PROBLEM DETAILS: Apart from the pictures, write out the records that follow exactly.

Recorded data:
╭──
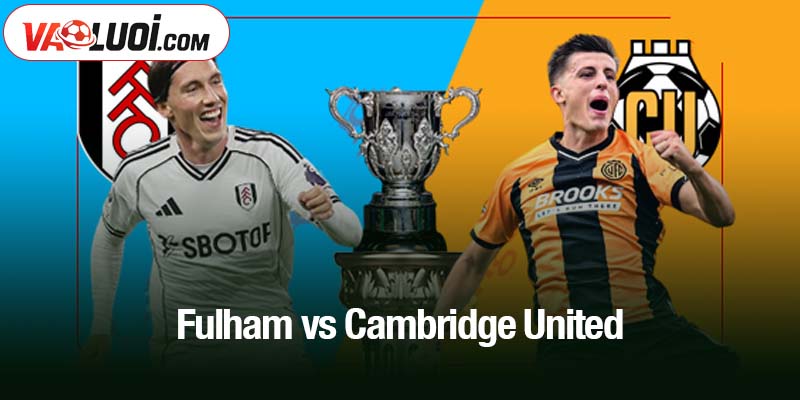 Fulham vs Cambridge United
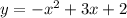 y = - {x}^{2} + 3x + 2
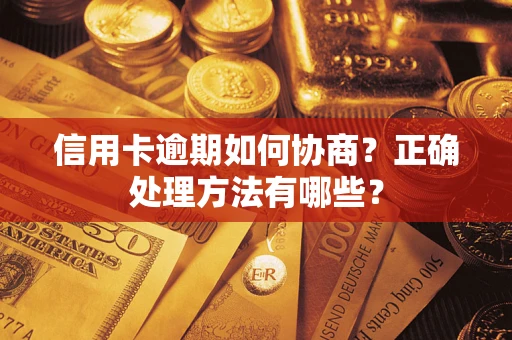 武汉信用卡逾期如何协商？正确处理方法有哪些？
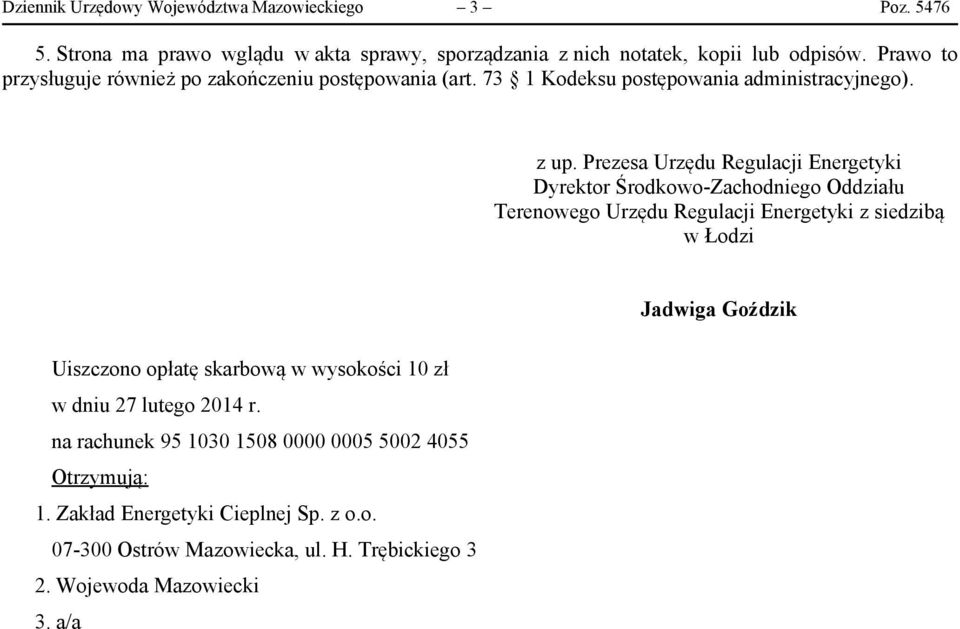 Prezesa Urzędu Regulacji Energetyki Dyrektor Środkowo-Zachodniego Oddziału Terenowego Urzędu Regulacji Energetyki z siedzibą w Łodzi Jadwiga Goździk Uiszczono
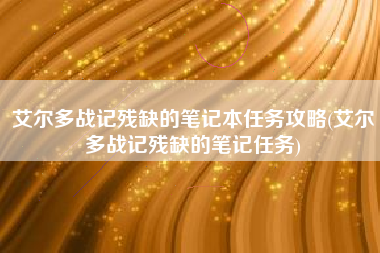 艾尔多战记残缺的笔记本任务攻略(艾尔多战记残缺的笔记任务)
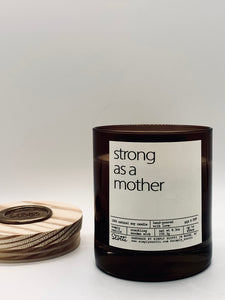 STRONG AS A MOTHER Candle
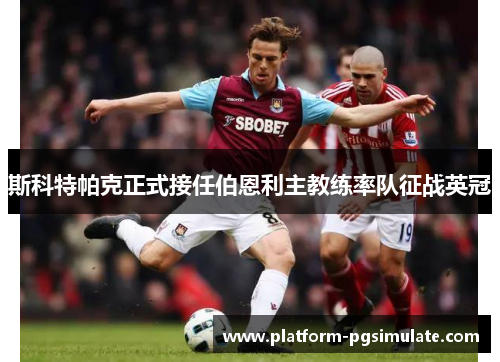 斯科特帕克正式接任伯恩利主教练率队征战英冠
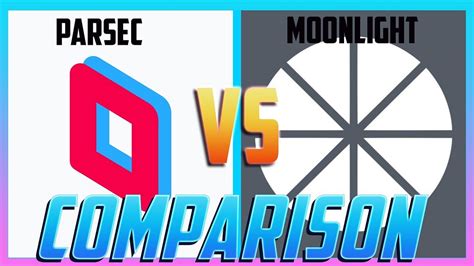 parsec vs moonlight 2022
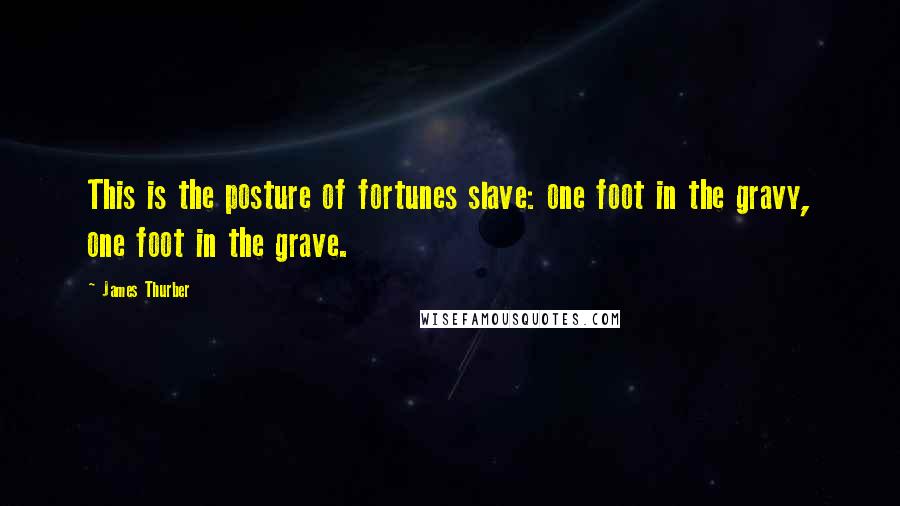 James Thurber Quotes: This is the posture of fortunes slave: one foot in the gravy, one foot in the grave.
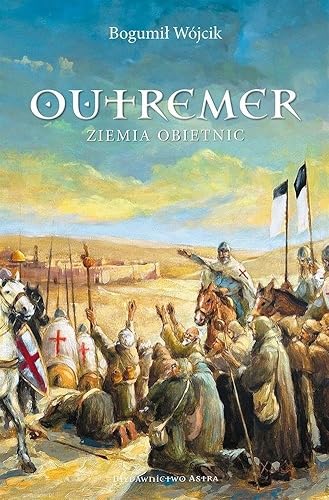 Outremer Ziemia obietnic von Wydawnictwo Astra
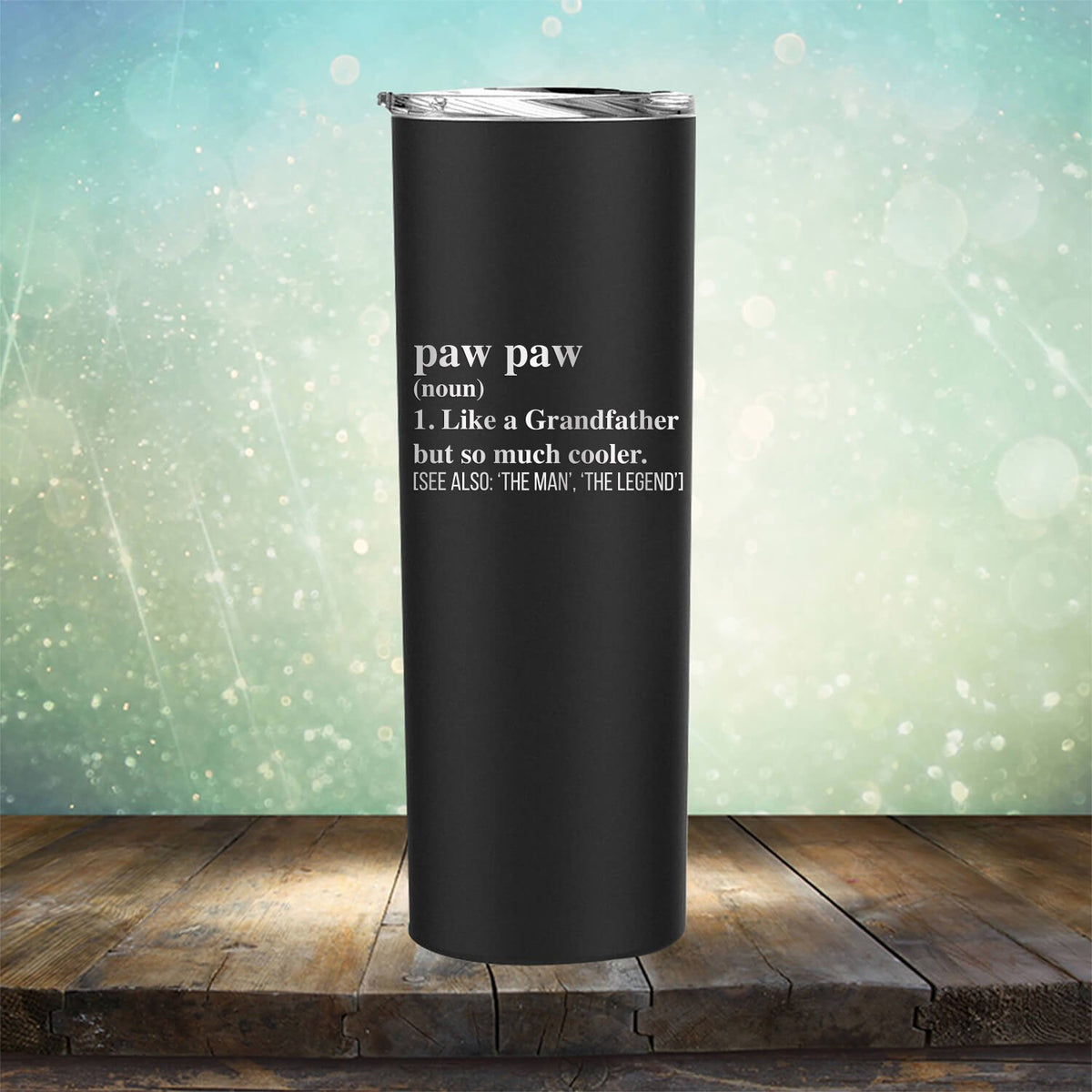 Paw Paw (Noun) 1. Like A Grandfather But So Much Cooler [See Also: &#39;The Man&#39; &#39;The Legend&#39;] - Laser Etched Tumbler Mug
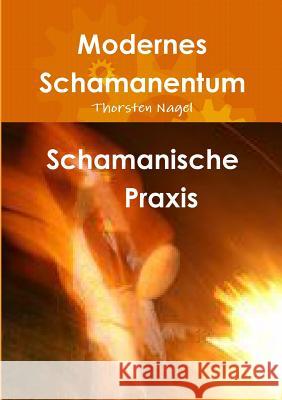 Schamanische Praxis Thorsten Nagel 9781291529609 Lulu.com - książka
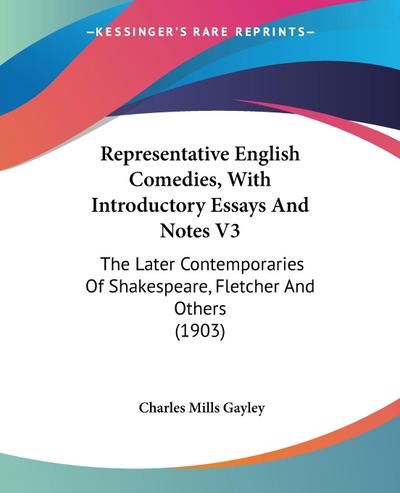 Representative English Comedies, With Introductory Essays And Notes V3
╰──
ANSWER SECTION:
 Fulham vs Cambridge United
 y = - {x}^{2} + 3x + 2
 武汉信用卡逾期如何协商？正确处理方法有哪些？
 Prezesa Urzędu Regulacji Energetyki Dyrektor Środkowo-Zachodniego Oddziału Terenowego Urzędu Regulacji Energetyki z siedzibą w Łodzi Jadwiga Goździk Uiszczono
 艾尔多战记残缺的笔记本任务攻略(艾尔多战记残缺的笔记任务)
 STRONG AS A MOTHER Candle
 斯科特帕克正式接任伯恩利主教练率队征战英冠
 parsec vs moonlight 2022
 James Thurber Quotes: This is the posture of fortunes slave: one foot in the gravy, one foot in the grave.
 Outremer Ziemia obietnic von Wydawnictwo Astra
 Paw Paw (Noun) 1. Like A Grandfather But So Much Cooler [See Also: &#39;The Man&#39; &#39;The Legend&#39;] - Laser Etched Tumbler Mug
 Schamanische Praxis Thorsten Nagel 9781291529609 Lulu.com - książka
 Representative English Comedies, With Introductory Essays And Notes V3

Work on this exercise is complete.